CFS: An Umbrella Term
Currently, Eldred Downes sees Dr Richard Schloeffel, who specialises in CFS and has had great success in the diagnosis and treatment of many of his patients, with 50 per cent able to make a full recovery, he says. However, he views Eldred Downes as one of his “20 per centers” – he has been able to help relieve her symptoms but has been unable to find a cause for her illness.
Schloeffel views CFS as an umbrella term, which includes a number of disease categories. He also asserts that it’s Chronic Fatigue Immune Dysfunction Disorder in America, it’s ME in England, and it’s CFS in Australia. “It’s all the same thing,” he says.
Bassett disagrees. In her book, Caring For The ME Patient, she writes: “Just as you can’t research diabetes by looking at groups of patients that have broken legs, the flu, rashes, and headaches, you can’t research ME by using vague ‘CFS’ patient groups that may or may not happen to contain a small percentage of actual ME patients.”
Bassett believes that the medical community should stop using the CFS label altogether. “The bogus disease category of ‘CFS’ must be abandoned completely, along with all the other similarly vague, misleading, and unhelpful umbrella terms, such as ‘ME/CFS,’ ‘CFS/ME,’ ‘ME-CFS,’ ‘CFIDS,’ ‘Myalgic Encephalopathy,’ and others.” She goes on to explain that it has nothing to do with her wanting a fancier or scarier-sounding name for mere fatigue. “It is about a severe neurological disease being covered up by a fictional and vague ‘fatigue syndrome,’ ” she writes.
ME And CFS: Not The Same Thing
The issue is twofold: A diagnosis of ME/CFS doesn’t validate ME as a distinct disease, as Hyde suggests it should be, and a diagnosis of ME/CFS doesn’t mean that a patient has ME. That is, CFS and ME are not the same thing; the names are not synonymous. “The definitions of each are quite distinct,” says Bassett. “It’s not just about names.
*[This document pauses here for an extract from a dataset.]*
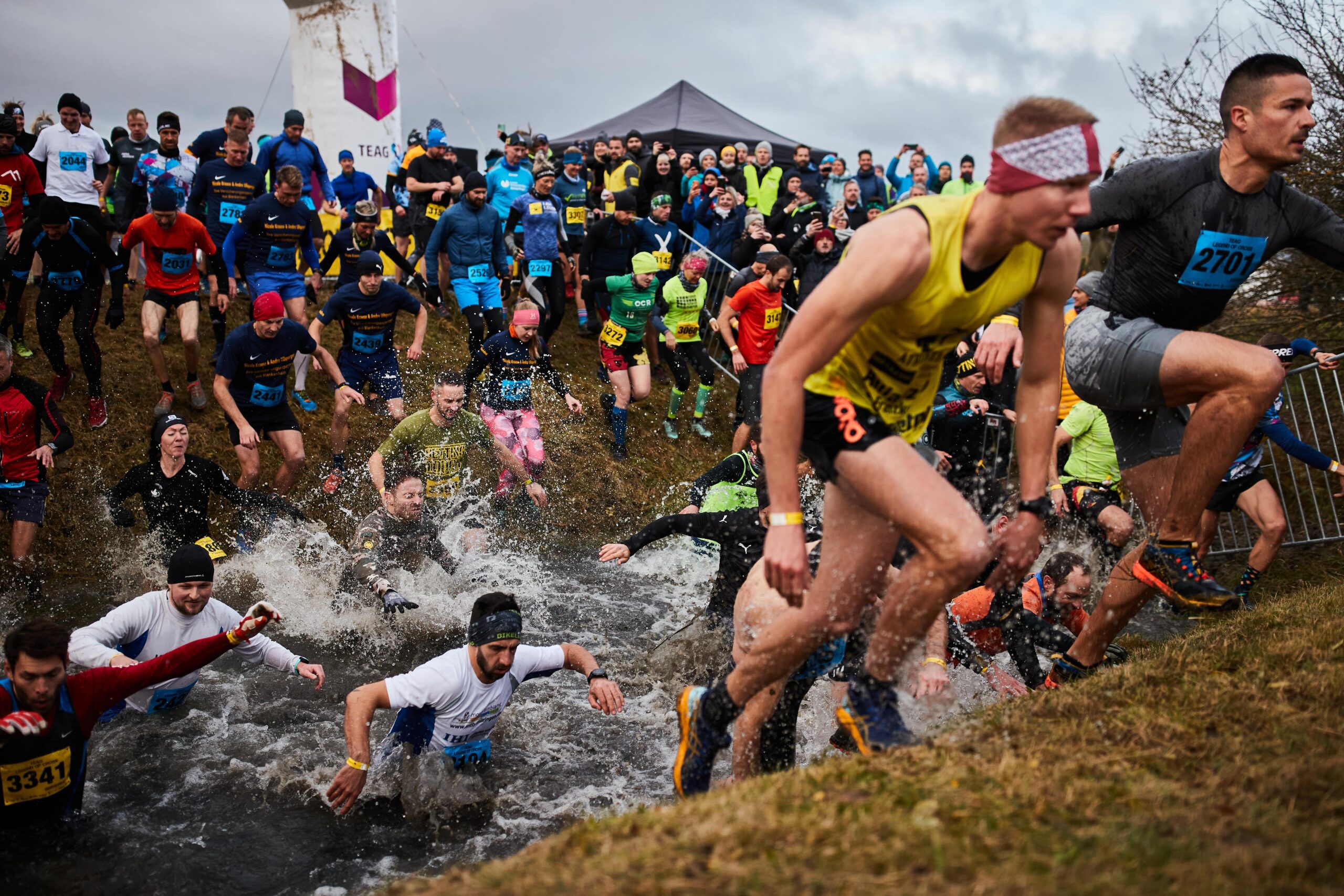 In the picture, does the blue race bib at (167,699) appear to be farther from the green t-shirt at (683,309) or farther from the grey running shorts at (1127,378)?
the green t-shirt at (683,309)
It’s about definitions being wrongly mixed up and misused.”
There have been suggestions to change the name CFS to ME. “This does not seem to me to be a useful initiative,” Hyde writes in Nightingale’s documents defining ME. “It would simply add credence to the mistaken assumption that ME and CFS represent the same disease processes. They do not.”
Finding The Right Treatment
Eldred Downes feels the treatment advice she received when she first became ill made things worse (read her story at right). Her health practitioners recommended that she keep to her routine, do physiotherapy, and focus only on the positives in her life – not on her symptoms.
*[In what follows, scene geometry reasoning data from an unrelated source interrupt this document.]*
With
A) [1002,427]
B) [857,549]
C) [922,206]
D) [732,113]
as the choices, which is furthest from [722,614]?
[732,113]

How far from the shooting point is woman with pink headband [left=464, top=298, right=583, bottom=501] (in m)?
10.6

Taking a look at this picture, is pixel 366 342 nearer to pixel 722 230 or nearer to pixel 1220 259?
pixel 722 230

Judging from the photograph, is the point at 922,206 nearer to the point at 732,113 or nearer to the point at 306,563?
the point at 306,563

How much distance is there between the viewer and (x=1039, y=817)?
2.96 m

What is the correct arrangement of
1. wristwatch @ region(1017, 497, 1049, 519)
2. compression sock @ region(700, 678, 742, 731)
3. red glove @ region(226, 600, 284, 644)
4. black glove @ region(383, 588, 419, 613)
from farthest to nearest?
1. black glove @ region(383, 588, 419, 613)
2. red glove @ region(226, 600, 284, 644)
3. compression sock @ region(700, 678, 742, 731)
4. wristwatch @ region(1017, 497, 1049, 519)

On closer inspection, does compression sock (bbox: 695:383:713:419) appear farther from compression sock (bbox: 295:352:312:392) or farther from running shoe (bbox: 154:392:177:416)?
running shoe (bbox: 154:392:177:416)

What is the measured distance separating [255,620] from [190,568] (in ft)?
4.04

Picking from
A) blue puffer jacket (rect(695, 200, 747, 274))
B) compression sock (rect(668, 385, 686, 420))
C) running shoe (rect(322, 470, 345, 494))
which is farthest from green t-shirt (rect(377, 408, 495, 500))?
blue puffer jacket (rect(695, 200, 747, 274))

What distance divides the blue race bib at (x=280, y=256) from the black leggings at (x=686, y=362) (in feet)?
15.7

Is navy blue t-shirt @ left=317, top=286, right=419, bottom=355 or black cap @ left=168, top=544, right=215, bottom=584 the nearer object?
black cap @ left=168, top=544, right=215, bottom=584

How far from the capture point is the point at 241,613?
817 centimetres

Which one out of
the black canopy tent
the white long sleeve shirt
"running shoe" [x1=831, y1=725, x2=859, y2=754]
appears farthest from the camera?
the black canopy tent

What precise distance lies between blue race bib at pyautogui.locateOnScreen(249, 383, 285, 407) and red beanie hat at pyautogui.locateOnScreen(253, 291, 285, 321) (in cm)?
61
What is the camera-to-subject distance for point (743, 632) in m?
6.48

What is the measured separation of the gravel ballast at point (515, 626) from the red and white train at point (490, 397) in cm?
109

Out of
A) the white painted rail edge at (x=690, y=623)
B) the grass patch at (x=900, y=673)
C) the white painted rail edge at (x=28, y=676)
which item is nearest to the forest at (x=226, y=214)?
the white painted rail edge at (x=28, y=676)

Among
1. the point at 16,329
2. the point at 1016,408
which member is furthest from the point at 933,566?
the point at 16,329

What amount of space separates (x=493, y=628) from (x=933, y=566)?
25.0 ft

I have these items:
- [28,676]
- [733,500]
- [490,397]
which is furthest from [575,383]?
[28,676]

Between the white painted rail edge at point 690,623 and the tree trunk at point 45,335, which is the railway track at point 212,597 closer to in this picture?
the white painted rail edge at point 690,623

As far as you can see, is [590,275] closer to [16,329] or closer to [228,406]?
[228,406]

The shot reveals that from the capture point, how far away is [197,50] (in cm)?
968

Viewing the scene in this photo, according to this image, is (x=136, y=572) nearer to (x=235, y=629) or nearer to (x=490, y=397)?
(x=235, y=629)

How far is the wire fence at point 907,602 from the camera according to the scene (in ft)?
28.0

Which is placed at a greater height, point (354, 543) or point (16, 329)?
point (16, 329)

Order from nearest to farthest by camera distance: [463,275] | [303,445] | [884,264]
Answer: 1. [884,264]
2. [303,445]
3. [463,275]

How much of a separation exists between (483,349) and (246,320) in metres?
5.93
Indeed, one of the treatment protocols for people with CFS is graded exercise (physical activity that starts very slowly and gradually increases over time) and cognitive-behaviour therapy (CBT), but you use these only when patients are in recovery, says Schloeffel.
Bassett believes that a graded-exercise program is probably the single-most inappropriate treatment that a doctor could recommend to an ME sufferer.
“Exercise or exertion intolerance is one of the many things that separates ME … from various postviral fatigue states or other illnesses involving ‘chronic fatigue,’ ” she writes on the HFME website.
She also references a paper written by Dr Melvin Ramsay, an ME researcher and advocate. Ramsay writes, “Those patients who are given a period of enforced rest from the onset [of ME] have the best prognosis.”
According to Schloeffel, the problem is that “we are all writing different protocols, and we’re not getting around the round table enough to establish definitions.”
Bassett, on the other hand, feels that the facts and definitions for ME already exist and that they simply need to be listened to and not ignored.
The HFME website, which recognises ME as a distinct disease and not synonymous with CFS, lists numerous articles and research on ME. The evidence seems overwhelming. Why, then, aren’t people listening?